What should be copied is the stretch of entries below from the line with "Черный Хендай их35, объемом" up to and including the line with "DAF LF55 250 - Plachtový nákladní auto: obrázek 3 DAF", exactly and without images.

_DATA FOR THIS EXERCISE_

********

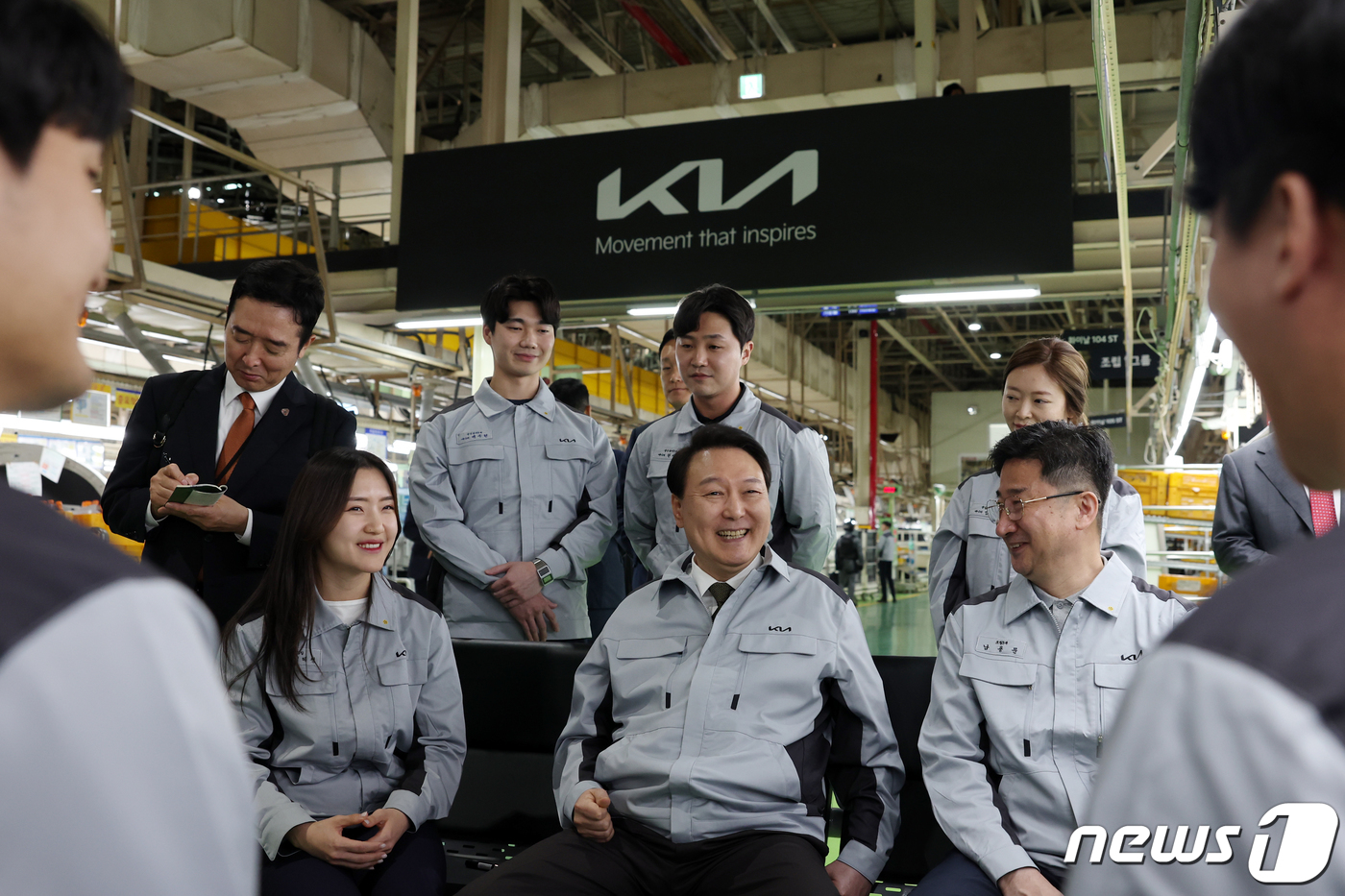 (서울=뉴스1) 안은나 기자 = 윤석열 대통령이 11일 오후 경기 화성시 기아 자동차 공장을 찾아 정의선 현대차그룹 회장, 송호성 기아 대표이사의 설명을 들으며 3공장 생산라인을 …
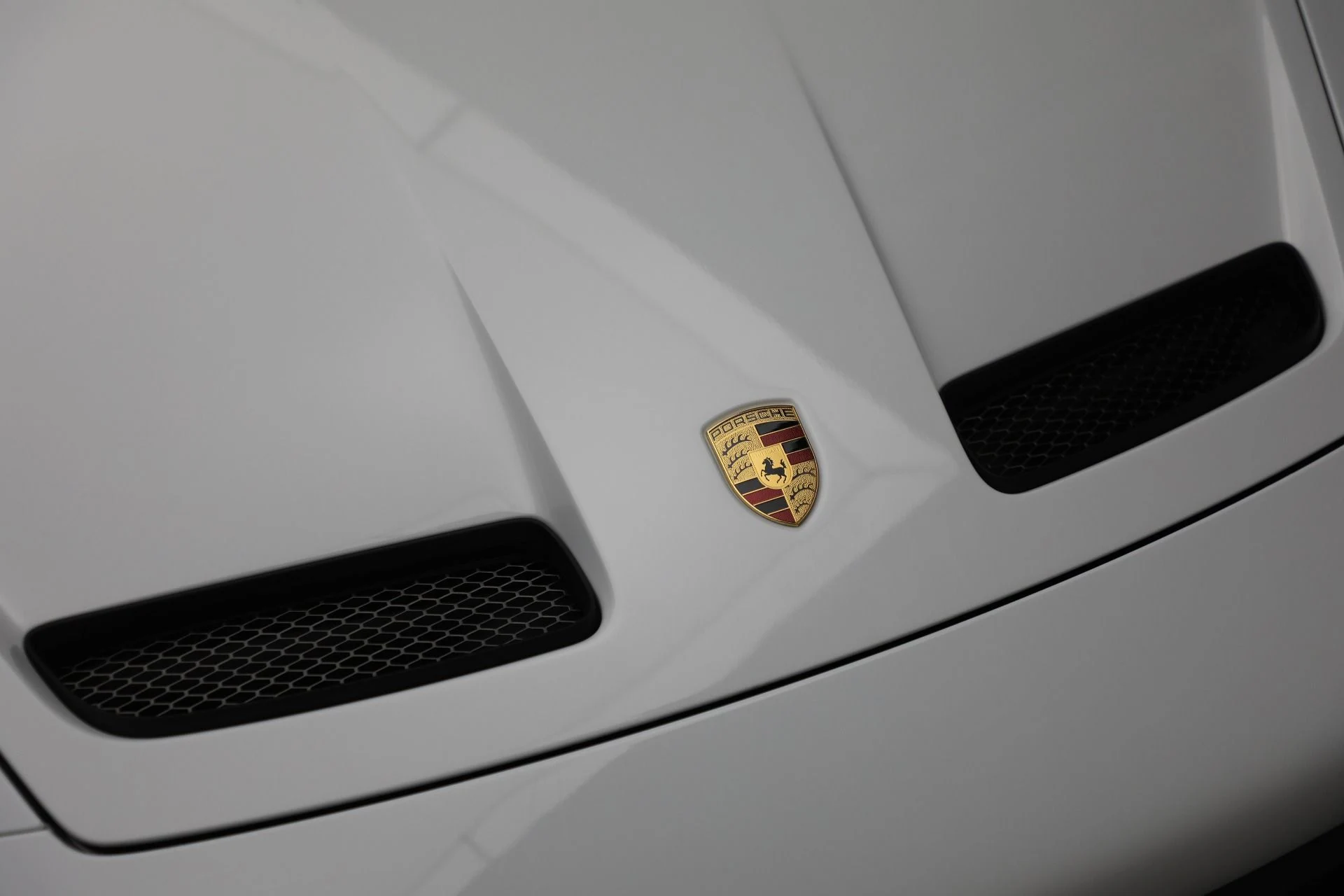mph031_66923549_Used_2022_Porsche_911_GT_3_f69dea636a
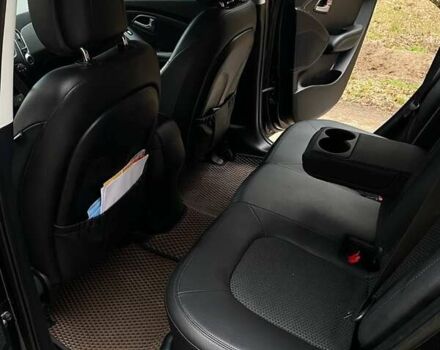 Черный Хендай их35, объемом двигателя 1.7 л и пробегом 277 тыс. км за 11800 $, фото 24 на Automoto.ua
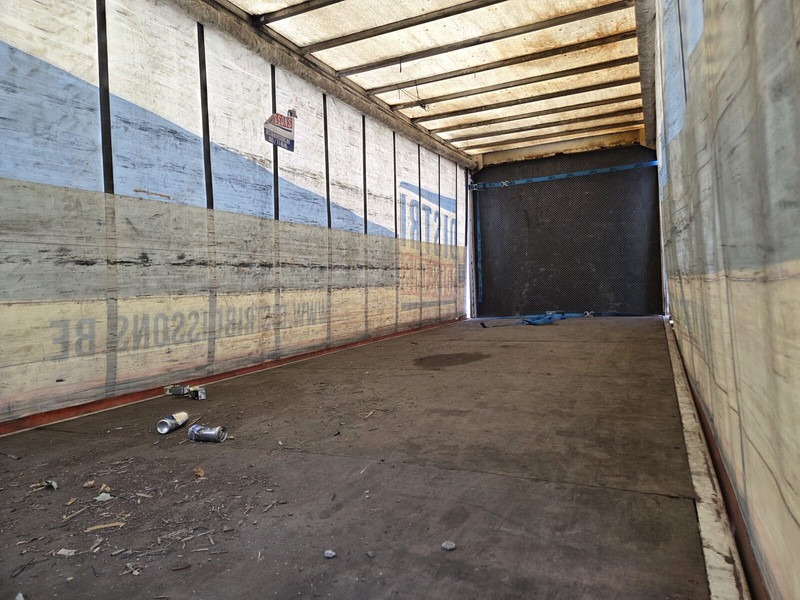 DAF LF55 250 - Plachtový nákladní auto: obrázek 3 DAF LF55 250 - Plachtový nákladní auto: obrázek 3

********

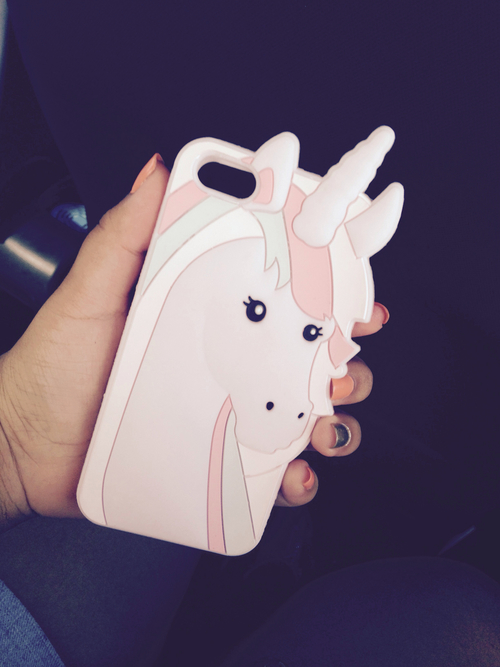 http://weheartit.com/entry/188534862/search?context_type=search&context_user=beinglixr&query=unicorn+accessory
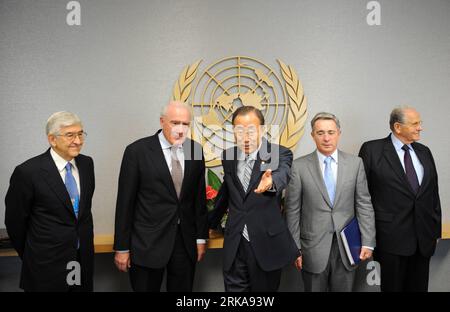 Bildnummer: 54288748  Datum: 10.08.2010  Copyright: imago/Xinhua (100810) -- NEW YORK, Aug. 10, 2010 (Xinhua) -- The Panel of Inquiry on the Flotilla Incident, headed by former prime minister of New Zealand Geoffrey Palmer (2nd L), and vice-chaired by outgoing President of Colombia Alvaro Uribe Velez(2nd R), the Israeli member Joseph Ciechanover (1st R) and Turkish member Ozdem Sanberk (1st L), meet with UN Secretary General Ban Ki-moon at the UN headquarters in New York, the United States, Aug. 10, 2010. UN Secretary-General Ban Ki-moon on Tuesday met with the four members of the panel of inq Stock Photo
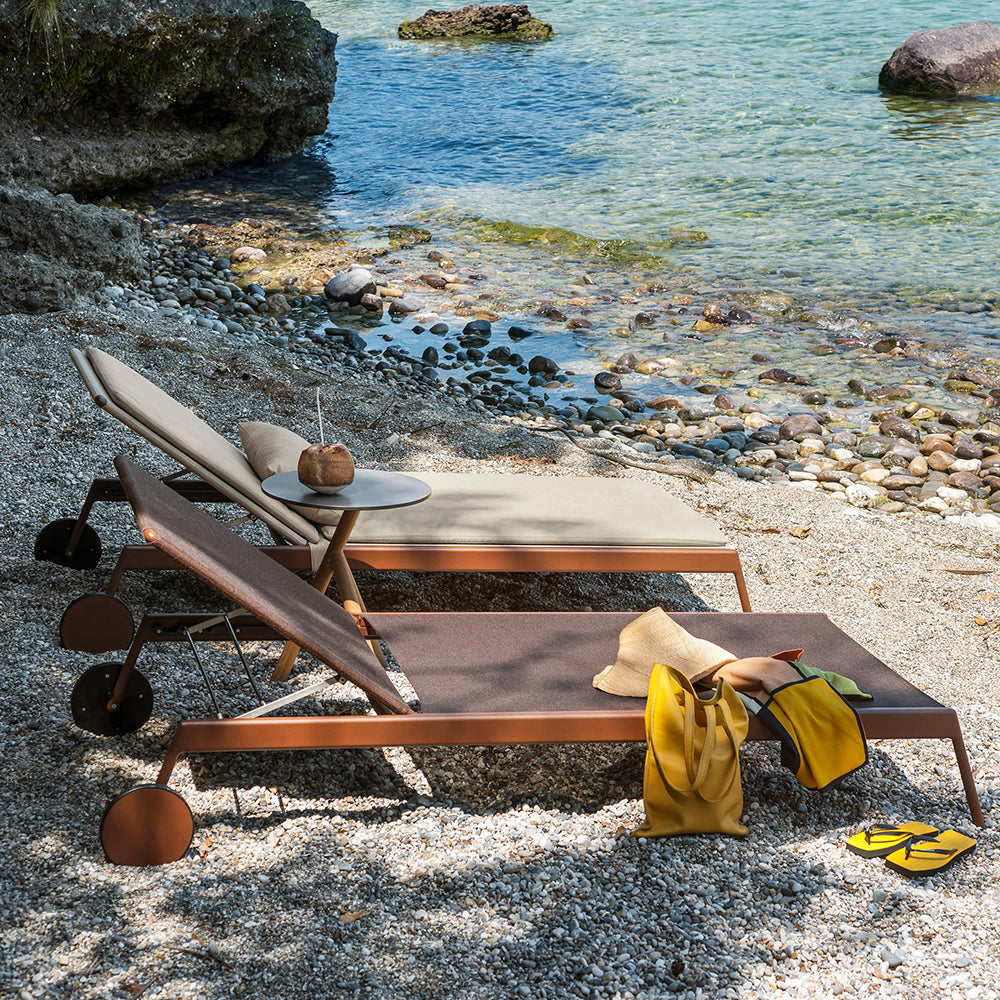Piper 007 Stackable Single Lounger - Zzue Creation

********

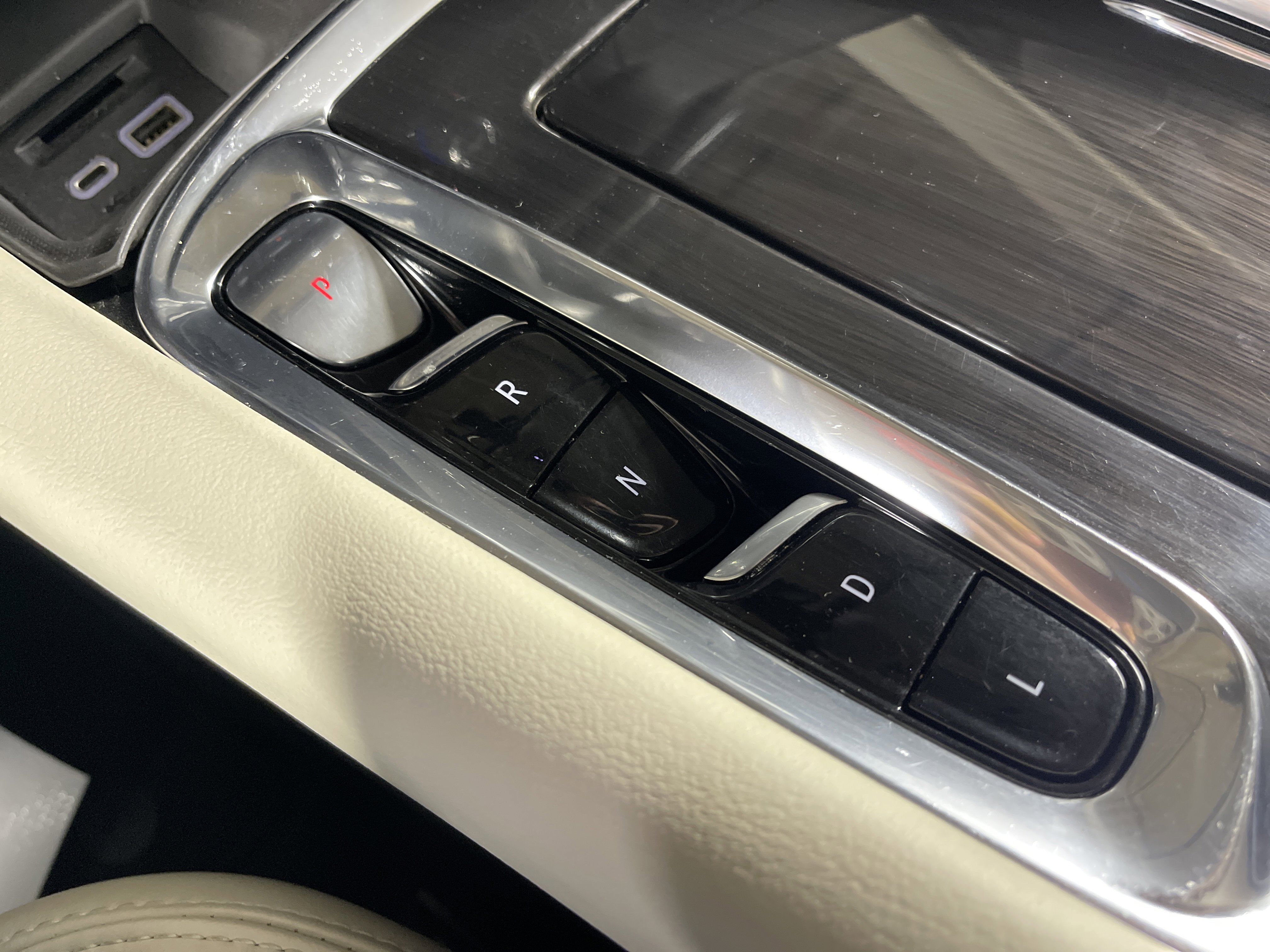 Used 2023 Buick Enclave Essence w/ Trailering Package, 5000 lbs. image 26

********

_TASK ANSWER_
 Черный Хендай их35, объемом двигателя 1.7 л и пробегом 277 тыс. км за 11800 $, фото 24 на Automoto.ua
 DAF LF55 250 - Plachtový nákladní auto: obrázek 3 DAF LF55 250 - Plachtový nákladní auto: obrázek 3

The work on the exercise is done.